The Sogou-SRR Dataset

中文链接

The Sogou-SRR (Search Result Relevance) dataset was constructed to support researches on search engine relevance estimation and ranking tasks. The dataset consists of 6,338 queries and corresponding top 10 search results. For each search result, the screenshot, title, snippet, HTML source code, parse tree, url as well as a 4-grade relevance score (1-4) and the result type are provided. The queries are sampled from search logs of Sogou.com. The sampled queries with frequency between 100 and 10,000 are usually regarded as torso queries , and usually the most important concerns for ranking algorithm design.

Image 1: An example of Sogou-SRR dataset..

Data Statistics

There are totally 6,338 queries and corresponding top 10 search results in Sogou-SRR. The length distributions of queries, titles and snippets, as well as the distribution of relevance labels are shown below.

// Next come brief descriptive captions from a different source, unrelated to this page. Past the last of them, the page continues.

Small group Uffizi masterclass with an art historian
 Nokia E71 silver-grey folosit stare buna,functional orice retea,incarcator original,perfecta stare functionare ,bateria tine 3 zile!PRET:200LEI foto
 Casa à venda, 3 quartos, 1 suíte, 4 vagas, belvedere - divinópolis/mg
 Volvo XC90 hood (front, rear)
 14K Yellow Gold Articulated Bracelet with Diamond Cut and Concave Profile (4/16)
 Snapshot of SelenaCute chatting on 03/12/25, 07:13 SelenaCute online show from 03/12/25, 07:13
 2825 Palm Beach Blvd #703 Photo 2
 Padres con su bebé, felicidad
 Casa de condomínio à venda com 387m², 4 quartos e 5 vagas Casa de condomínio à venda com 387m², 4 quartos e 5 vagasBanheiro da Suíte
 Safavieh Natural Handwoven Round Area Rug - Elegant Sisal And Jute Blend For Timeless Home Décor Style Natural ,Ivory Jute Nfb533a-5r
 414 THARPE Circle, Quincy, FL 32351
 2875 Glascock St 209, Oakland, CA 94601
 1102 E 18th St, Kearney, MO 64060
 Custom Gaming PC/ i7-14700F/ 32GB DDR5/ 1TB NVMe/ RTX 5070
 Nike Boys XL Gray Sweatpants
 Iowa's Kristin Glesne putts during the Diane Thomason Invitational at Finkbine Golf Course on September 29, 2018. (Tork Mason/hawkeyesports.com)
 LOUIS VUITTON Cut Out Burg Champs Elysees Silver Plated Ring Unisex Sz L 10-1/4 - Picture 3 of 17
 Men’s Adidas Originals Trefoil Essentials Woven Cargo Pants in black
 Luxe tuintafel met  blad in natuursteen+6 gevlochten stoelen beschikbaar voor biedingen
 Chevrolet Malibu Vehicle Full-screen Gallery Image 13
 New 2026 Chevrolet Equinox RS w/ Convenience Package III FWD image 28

The average width and height of search result screenshots are 549 and 128 pixels respectively.

#Query #Search Result
6,338 63,380

Image 2: Statistics of SRR dataset.

All search results are manually divided into 19 categories according to their presentation styles. The detailed descriptions of different result types are shown below.

Result Type Description
Organic Result One blue hyperlink with short snippet contents.
Illustrated Vertical Consisting of the title, snippet and an illustration on the left of the search result.
Encyclopedia Vertical Search results from encyclopedia Web sites, usually have similar layout with Illustrated Verticals.
Image Vertical Composed of one row of images.
Video Vertical Composed of one row of video snapshots.
Multi-row Image Vertical Composed of multiple rows of images.
Multi-row Video Vertical Composed of multiple rows of video snapshots.
Tutorial Vertical Providing instructions to some questions, usually containing diagrams with multiple steps.
Forum Vertical Search results from forum websites, usually having an image on the left and a list of hyperlinks on the right.
Map Vertical Consisting of a zoomed map and an input box.
News Vertical Aggregation of multiple news results, of which one is shown in details and usually illustrated with an image while others only have title information.
Question Answering Vertical Aggregation of multiple answers from a Community Question-Answering site, of which one is shown in details while others only have title information.
Textual Vertical Hyperlinks of different channels from a Web site and corresponding snippets.
Download Vertical Direct download links of certain softwares described by the query.
Direct Answer Vertical Directly showing the required information described by the query.
Application Vertical Embedded applications which can be directly interacted on SERPs, such as music or express inquiry services.
Navigation Vertical Giving a catalog of TV serials, books and so on.
Shopping Vertical Shopping search results from E-commerce Web sites.
Others Search results belonging to none of the above categories.

Data Instructions

The files and directories contained in Sogou-SRR are shown below. The dataset is totally about 3.2 GB in size when compressed.

File or Directory Data
SRR.json All the information needed for search results in Sogou-SRR.
Screenshot/ The screenshots of search results.
Tree/xml_raw/ The xml files directly parsed from HTML source codes of search results.
Tree/xml/ The xml files of pruned search result parse trees.
Tree/image/ The images in search result parse trees.
Train.txt/Val.txt/Test.txt The training/validition/testing queries.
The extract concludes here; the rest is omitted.